(Saved entries)
_ _ _
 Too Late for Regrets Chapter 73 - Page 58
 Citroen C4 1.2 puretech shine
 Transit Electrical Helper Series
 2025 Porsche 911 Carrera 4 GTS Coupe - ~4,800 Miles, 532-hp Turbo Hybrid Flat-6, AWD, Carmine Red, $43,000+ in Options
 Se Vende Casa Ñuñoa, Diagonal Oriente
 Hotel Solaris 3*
_ _ _
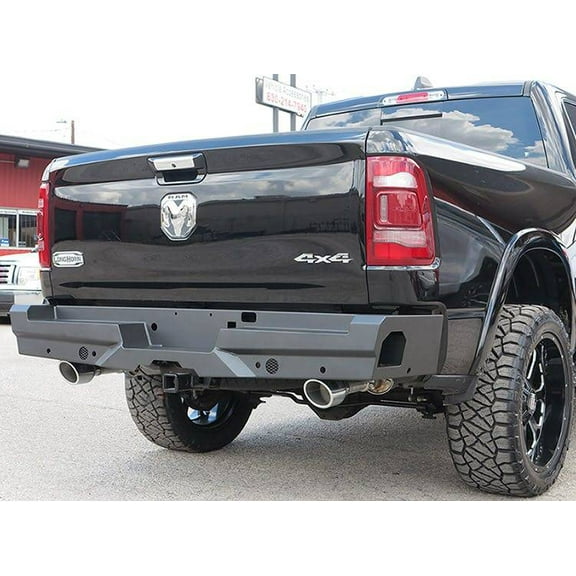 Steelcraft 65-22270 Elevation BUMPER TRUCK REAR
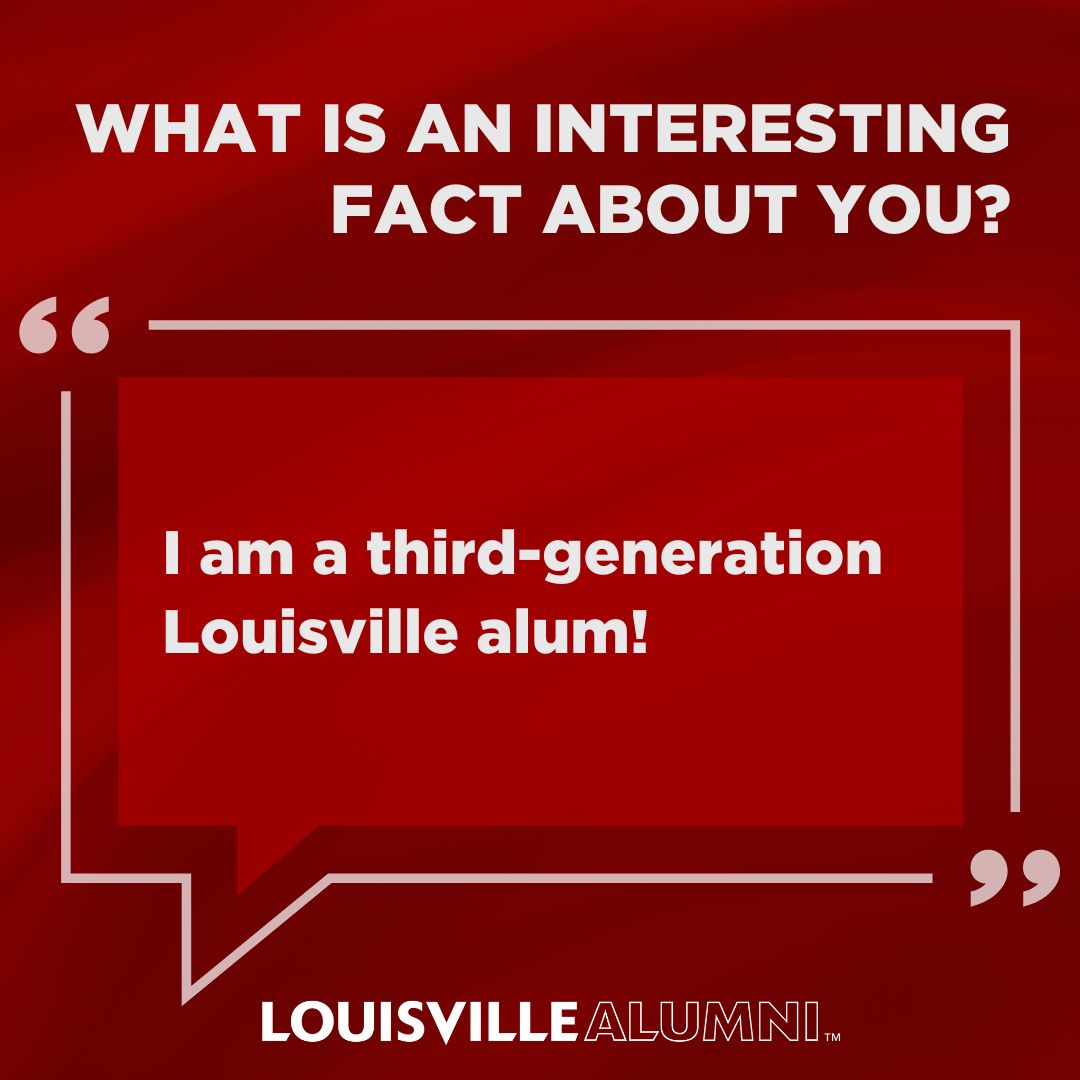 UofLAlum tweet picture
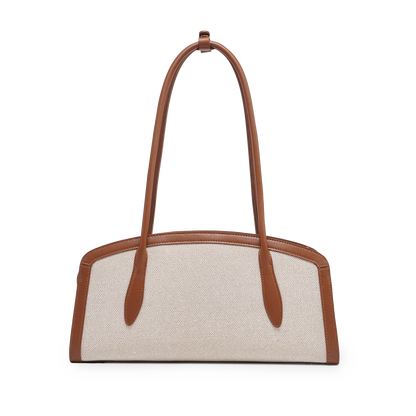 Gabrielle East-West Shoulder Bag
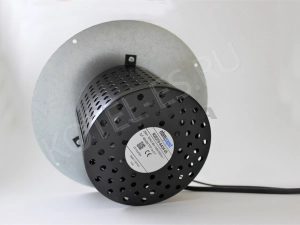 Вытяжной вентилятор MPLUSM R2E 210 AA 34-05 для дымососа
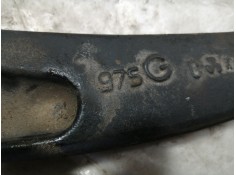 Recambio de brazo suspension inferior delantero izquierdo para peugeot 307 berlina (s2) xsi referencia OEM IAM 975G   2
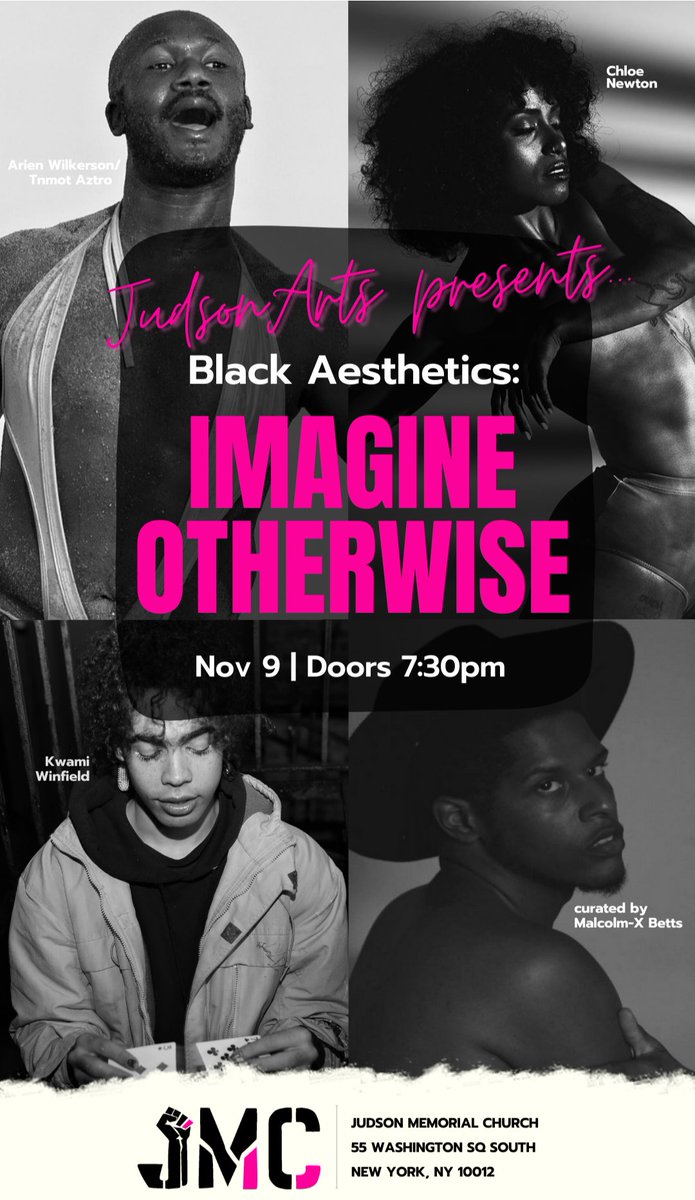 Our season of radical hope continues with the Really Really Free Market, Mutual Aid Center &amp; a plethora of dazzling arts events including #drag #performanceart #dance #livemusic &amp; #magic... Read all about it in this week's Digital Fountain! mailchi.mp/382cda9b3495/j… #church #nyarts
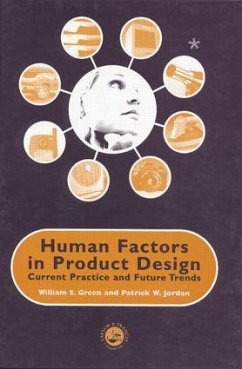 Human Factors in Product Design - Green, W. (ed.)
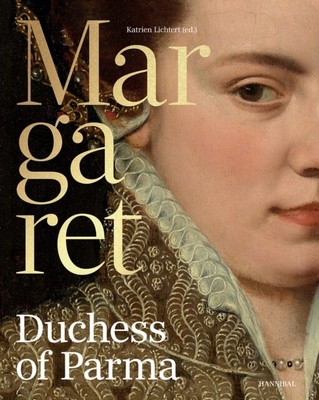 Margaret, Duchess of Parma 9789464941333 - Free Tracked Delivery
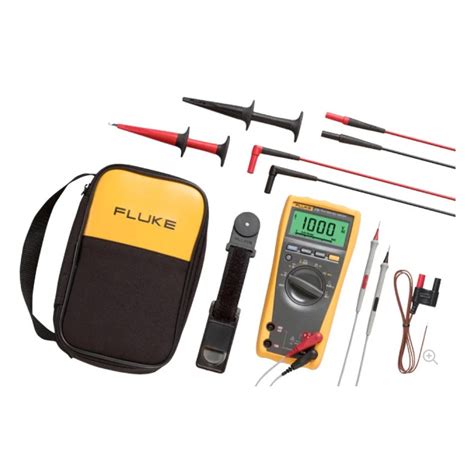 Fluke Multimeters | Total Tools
_ _ _
- [Exercise description]: Scan the lines above for "Too Late for Regrets Chapter 73 - Page 58" and for "Hotel Solaris 3*". Repeat exactly the line holding each of them and every line in between.

- [Response to the exercise]:
 Too Late for Regrets Chapter 73 - Page 58
 Citroen C4 1.2 puretech shine
 Transit Electrical Helper Series
 2025 Porsche 911 Carrera 4 GTS Coupe - ~4,800 Miles, 532-hp Turbo Hybrid Flat-6, AWD, Carmine Red, $43,000+ in Options
 Se Vende Casa Ñuñoa, Diagonal Oriente
 Hotel Solaris 3*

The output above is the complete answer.